My Experience in the Digital World
Creating an account on Facebook was my first experience in the digital world. Although the format and design of Facebook have changed drastically since I joined in 2010, the accessibility of information and the easiness of connecting to old friends were amazing to me. I can talk to my friend living in Tokyo at the click of a button, or glance at the toolbar on the right containing the most popular news that day.
I went to a small private school in the heart of Brooklyn in New York City, where I attended Kindergarten through 12th grade. In 5th grade, we were each given a MacBook and required to take Computer Science classes to learn how to use them. Like any other young kid, I found it challenging to focus on my teacher’s instruction on how to use Microsoft programs, while the person to my right was playing snake on his dashboard. In middle school they taught us how to code and build our own websites. By the end of 8th grade, I could create a web page from scratch, with a multicolored homepage and a moving banner image. In high school, they took our MacBook’s back and replaced them with Dell laptops. They explained to us that they wanted us to have proficient knowledge of both types of computers to benefit our résumés for internships and future jobs.

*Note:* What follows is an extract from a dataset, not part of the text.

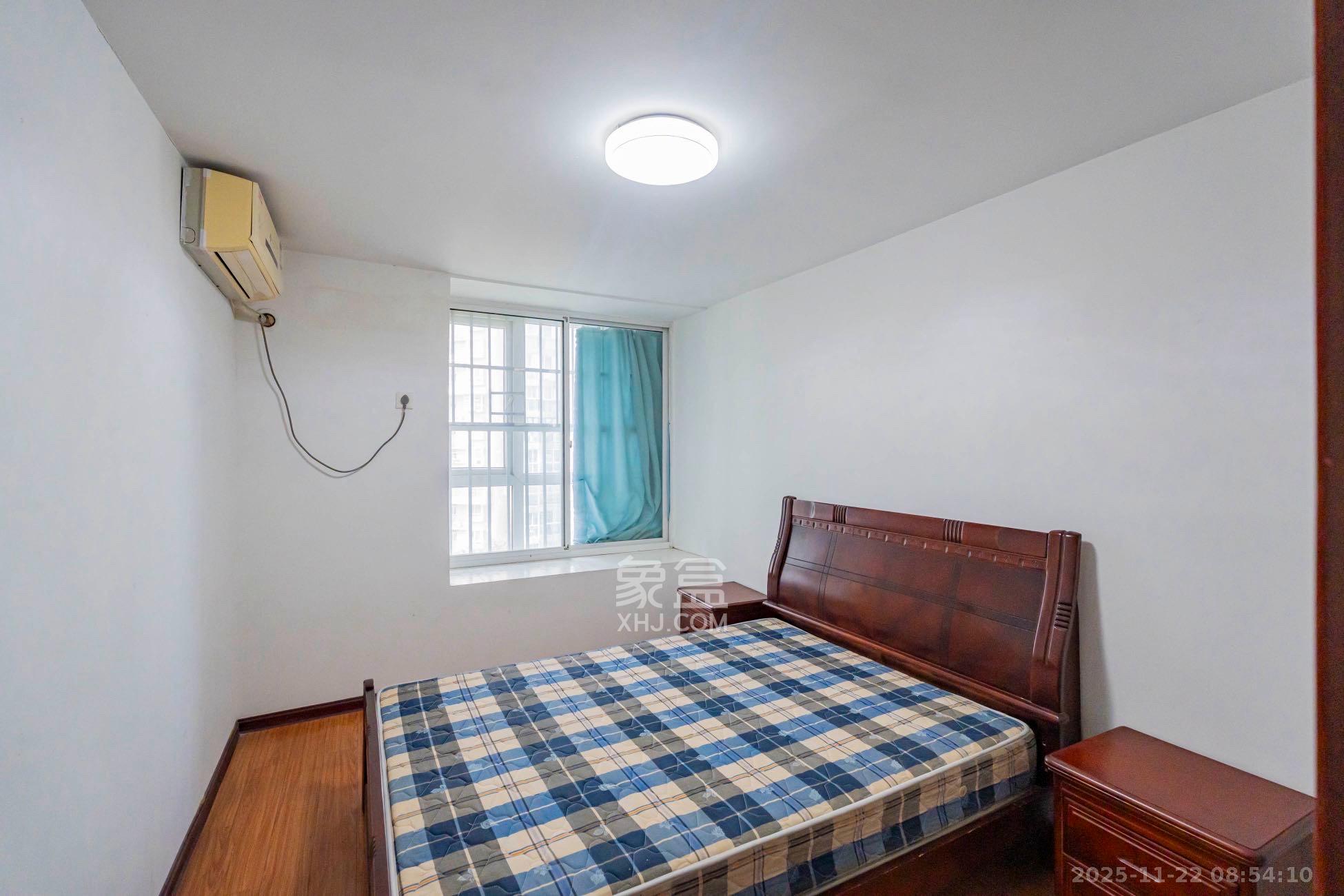 挪威森林（美世界园林公寓）  4室2厅2卫    2500.0元/月室内图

It was not until college that I realized how unusual this all was. The idea of preparing 5th graders for jobs after college never struck me as odd until now. I have yet to meet anyone who was given a brand new Mac laptop as a 5th grader, and then a new Dell in 9th grade. My middle and high school experiences were reflective of the shift from analog to digital writing. Although we were young, they wanted to condition us to be able to adapt to new versions of the laptops we were using, so that we would not be at a disadvantage in the future.
In addition, there has been a huge push toward a more ‘green’ approach to learning, specifically paper. The digitization of writing and books lessens the waste of paper and the destruction of forests. Although I will always prefer reading something on paper, the ability to write an essay and email it to my professor for notes makes the editing process much easier.

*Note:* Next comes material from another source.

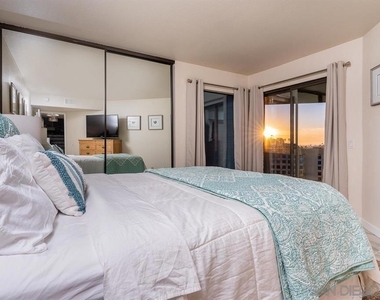 1060 America Way - Photo Thumbnail 25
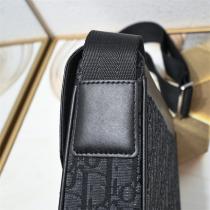2026年新作入荷 DIOR スーパーコピー メッセンジャーバッグ Oblique ロゴ プリント ディオール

- Cohen, Dan. “Professors, Start Your Blogs.” Web log post. Dan Cohen. N.p., 21 Aug. 2006. Web. 22 Oct. 2014. <http://www.dancohen.org>.

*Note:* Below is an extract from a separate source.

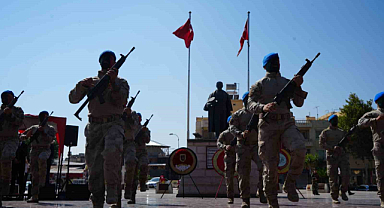 Kilis'teki 30 Ağustos Zafer Bayramı'nda komandolar mest etti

- Duke University Press, comp. “Teaching Digital Rhetoric: Community, Critical Engagement, and Application.” 6.2 (2006): n. pag. Project Muse. Web. 22 Oct. 2014. <https://muse.jhu.edu/journals/pedagogy/v006/6.2digirhet.pdf>.
- Greenidge, Wendy-lou, and Ruth Sylvester. “Digital Storytelling: Extending the Potential for Struggling Writers.” Reading Rockets. Weta, Dec. 2009. Web. 22 Oct. 2014. <www.readingrockets.org>.
- Heitin, Liana. “Writing Re-Launched: Teaching with Digital Tools.” Education Week. N.p., 4 Apr. 2011. Web. 22 Oct. 2014. <http://www.edweek.org/tsb/articles/2011/04/04/02digital.h04.html>.
- Hicks, Troy, and Kristen H. Turner. “No Longer a Luxury: Digital Literacy Can’t Wait.” NCTE.org (n.d.): n. pag. NCTE. Web. 22 Oct. 2014. <www.ncte.org>.